* [Exercise aim]
Lines to return, exactly: from the line with "EL VALOR DE LOS VALORES" to the line with "Crépuscule Bare Root Rose" in the entries below, both included.

------------------------

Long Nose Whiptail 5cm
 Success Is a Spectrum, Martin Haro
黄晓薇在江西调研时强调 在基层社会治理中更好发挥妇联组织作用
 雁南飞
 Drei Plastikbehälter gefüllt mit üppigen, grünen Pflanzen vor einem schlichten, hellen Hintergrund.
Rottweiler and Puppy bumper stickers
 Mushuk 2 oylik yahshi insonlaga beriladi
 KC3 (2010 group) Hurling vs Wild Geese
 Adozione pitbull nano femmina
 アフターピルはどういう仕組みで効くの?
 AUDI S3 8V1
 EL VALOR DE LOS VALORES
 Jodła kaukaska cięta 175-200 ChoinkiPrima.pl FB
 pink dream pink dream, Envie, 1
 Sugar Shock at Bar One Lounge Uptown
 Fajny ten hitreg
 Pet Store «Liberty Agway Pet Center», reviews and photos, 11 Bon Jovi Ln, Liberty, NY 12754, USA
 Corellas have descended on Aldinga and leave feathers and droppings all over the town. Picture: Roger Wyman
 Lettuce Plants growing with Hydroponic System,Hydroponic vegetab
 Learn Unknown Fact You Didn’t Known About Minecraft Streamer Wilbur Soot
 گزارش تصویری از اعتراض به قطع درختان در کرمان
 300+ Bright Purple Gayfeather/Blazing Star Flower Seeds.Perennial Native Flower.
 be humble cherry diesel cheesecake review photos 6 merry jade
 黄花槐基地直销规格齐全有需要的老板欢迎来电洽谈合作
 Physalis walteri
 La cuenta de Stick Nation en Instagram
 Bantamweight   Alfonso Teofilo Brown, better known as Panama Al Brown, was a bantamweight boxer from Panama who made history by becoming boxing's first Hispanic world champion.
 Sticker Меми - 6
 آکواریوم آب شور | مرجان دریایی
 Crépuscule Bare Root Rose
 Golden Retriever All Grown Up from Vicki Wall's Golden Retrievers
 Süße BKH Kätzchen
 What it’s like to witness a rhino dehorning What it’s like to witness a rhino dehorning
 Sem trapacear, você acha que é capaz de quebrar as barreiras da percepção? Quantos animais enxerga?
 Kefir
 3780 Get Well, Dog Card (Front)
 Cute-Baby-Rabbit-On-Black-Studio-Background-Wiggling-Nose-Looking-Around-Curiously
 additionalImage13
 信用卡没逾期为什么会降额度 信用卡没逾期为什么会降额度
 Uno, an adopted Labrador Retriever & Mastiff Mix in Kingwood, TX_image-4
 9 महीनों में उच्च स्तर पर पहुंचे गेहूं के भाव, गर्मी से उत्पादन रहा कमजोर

------------------------

* [Answer to the exercise]
 EL VALOR DE LOS VALORES
 Jodła kaukaska cięta 175-200 ChoinkiPrima.pl FB
 pink dream pink dream, Envie, 1
 Sugar Shock at Bar One Lounge Uptown
 Fajny ten hitreg
 Pet Store «Liberty Agway Pet Center», reviews and photos, 11 Bon Jovi Ln, Liberty, NY 12754, USA
 Corellas have descended on Aldinga and leave feathers and droppings all over the town. Picture: Roger Wyman
 Lettuce Plants growing with Hydroponic System,Hydroponic vegetab
 Learn Unknown Fact You Didn’t Known About Minecraft Streamer Wilbur Soot
 گزارش تصویری از اعتراض به قطع درختان در کرمان
 300+ Bright Purple Gayfeather/Blazing Star Flower Seeds.Perennial Native Flower.
 be humble cherry diesel cheesecake review photos 6 merry jade
 黄花槐基地直销规格齐全有需要的老板欢迎来电洽谈合作
 Physalis walteri
 La cuenta de Stick Nation en Instagram
 Bantamweight   Alfonso Teofilo Brown, better known as Panama Al Brown, was a bantamweight boxer from Panama who made history by becoming boxing's first Hispanic world champion.
 Sticker Меми - 6
 آکواریوم آب شور | مرجان دریایی
 Crépuscule Bare Root Rose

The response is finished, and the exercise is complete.